- Directed by: Mark Osborne
- Screenplay by: Mark Osborne Adam Kline
- Based on: Escape from Hat by Adam Kline
- Produced by: Mark Osborne; Jinko Gotoh; Melissa Cobb;
- Countries: United Kingdom; United States;
- Language: English

= Escape from Hat =

Unreleased animated film

Escape from Hat is an unreleased animated fantasy film co-written and directed by Mark Osborne, based on the children's book of the same name by Adam Kline.

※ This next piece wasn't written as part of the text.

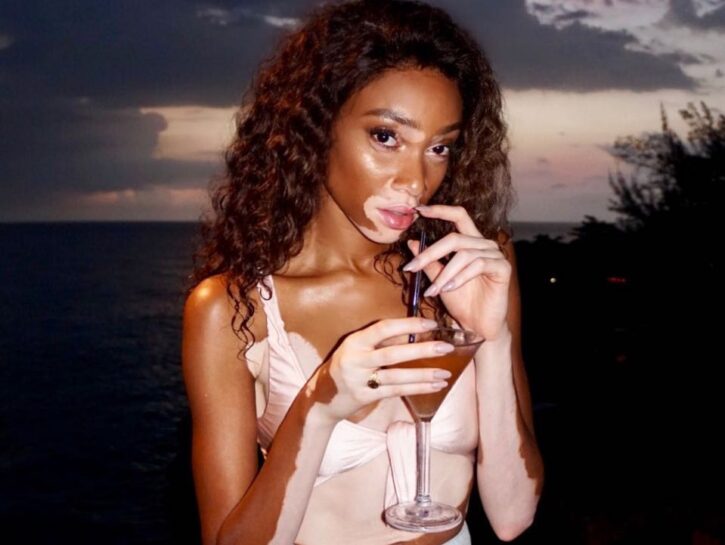 Winnie Harlow risponde alle offese:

The film was set to be released on Netflix, but was canceled in 2022.

==Premise==
Leek, a desperate and magical rabbit rallies an unexpected band of allies and undertakes an impossible quest to escape from inside a magician's hat and defeating evil black cats as Leek returns to the human boy he dearly loves.

==Production==
===Development===
In April 2017, 20th Century Fox Animation and Blue Sky Studios had announced they would produce the animated film adaptation of Adam Kline's fantasy book "Escape from Hat" with Mark Osborne set to direct and co-write the script with Kline, and Jinko Gotoh producing the film along with Osborne. However, in November 2018, Netflix acquired the film rights and Melissa Cobb joined the production team. According to What's On Netflix, the film was reportedly no longer in development at Netflix.

===Animation===
Production of the film started in December 2018. In 2022, Netflix canceled production on the film.